▶ _YOUR INSTRUCTIONS_: Give the following records again in full and without alteration.

[[ RECORDED DATA, beginning ]]

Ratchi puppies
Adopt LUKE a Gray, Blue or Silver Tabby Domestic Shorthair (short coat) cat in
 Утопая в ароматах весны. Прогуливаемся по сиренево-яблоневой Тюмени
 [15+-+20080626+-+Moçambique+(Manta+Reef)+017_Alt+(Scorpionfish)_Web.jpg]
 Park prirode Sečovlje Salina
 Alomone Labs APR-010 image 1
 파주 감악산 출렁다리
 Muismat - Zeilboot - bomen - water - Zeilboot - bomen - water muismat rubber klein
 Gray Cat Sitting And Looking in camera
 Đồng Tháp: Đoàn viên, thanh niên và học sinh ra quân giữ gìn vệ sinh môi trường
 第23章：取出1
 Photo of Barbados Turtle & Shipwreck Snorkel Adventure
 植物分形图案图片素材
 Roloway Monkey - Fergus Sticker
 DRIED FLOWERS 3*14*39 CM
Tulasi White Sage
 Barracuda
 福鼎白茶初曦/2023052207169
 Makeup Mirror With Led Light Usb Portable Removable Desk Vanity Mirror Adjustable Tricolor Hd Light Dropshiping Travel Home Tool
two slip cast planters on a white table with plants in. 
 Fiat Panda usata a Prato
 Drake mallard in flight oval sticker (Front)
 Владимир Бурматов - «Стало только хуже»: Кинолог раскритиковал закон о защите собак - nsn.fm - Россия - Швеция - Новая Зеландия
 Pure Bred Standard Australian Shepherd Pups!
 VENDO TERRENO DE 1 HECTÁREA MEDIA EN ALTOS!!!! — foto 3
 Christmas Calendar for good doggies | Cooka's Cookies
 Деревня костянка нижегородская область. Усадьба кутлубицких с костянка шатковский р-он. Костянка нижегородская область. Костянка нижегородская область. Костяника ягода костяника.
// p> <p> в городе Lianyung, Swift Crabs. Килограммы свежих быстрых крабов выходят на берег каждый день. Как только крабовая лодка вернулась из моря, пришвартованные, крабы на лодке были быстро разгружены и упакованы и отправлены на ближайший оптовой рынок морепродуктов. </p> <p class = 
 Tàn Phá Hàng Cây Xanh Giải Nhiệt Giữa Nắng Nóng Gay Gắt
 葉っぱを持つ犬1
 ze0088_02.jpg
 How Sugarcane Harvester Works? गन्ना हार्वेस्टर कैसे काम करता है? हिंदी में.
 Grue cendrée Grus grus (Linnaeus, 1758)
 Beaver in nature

[[ RECORDED DATA, end ]]

▶ _REPLY TO THE TASK_:
Ratchi puppies
Adopt LUKE a Gray, Blue or Silver Tabby Domestic Shorthair (short coat) cat in
 Утопая в ароматах весны. Прогуливаемся по сиренево-яблоневой Тюмени
 [15+-+20080626+-+Moçambique+(Manta+Reef)+017_Alt+(Scorpionfish)_Web.jpg]
 Park prirode Sečovlje Salina
 Alomone Labs APR-010 image 1
 파주 감악산 출렁다리
 Muismat - Zeilboot - bomen - water - Zeilboot - bomen - water muismat rubber klein
 Gray Cat Sitting And Looking in camera
 Đồng Tháp: Đoàn viên, thanh niên và học sinh ra quân giữ gìn vệ sinh môi trường
 第23章：取出1
 Photo of Barbados Turtle & Shipwreck Snorkel Adventure
 植物分形图案图片素材
 Roloway Monkey - Fergus Sticker
 DRIED FLOWERS 3*14*39 CM
Tulasi White Sage
 Barracuda
 福鼎白茶初曦/2023052207169
 Makeup Mirror With Led Light Usb Portable Removable Desk Vanity Mirror Adjustable Tricolor Hd Light Dropshiping Travel Home Tool
two slip cast planters on a white table with plants in. 
 Fiat Panda usata a Prato
 Drake mallard in flight oval sticker (Front)
 Владимир Бурматов - «Стало только хуже»: Кинолог раскритиковал закон о защите собак - nsn.fm - Россия - Швеция - Новая Зеландия
 Pure Bred Standard Australian Shepherd Pups!
 VENDO TERRENO DE 1 HECTÁREA MEDIA EN ALTOS!!!! — foto 3
 Christmas Calendar for good doggies | Cooka's Cookies
 Деревня костянка нижегородская область. Усадьба кутлубицких с костянка шатковский р-он. Костянка нижегородская область. Костянка нижегородская область. Костяника ягода костяника.
// p> <p> в городе Lianyung, Swift Crabs. Килограммы свежих быстрых крабов выходят на берег каждый день. Как только крабовая лодка вернулась из моря, пришвартованные, крабы на лодке были быстро разгружены и упакованы и отправлены на ближайший оптовой рынок морепродуктов. </p> <p class = 
 Tàn Phá Hàng Cây Xanh Giải Nhiệt Giữa Nắng Nóng Gay Gắt
 葉っぱを持つ犬1
 ze0088_02.jpg
 How Sugarcane Harvester Works? गन्ना हार्वेस्टर कैसे काम करता है? हिंदी में.
 Grue cendrée Grus grus (Linnaeus, 1758)
 Beaver in nature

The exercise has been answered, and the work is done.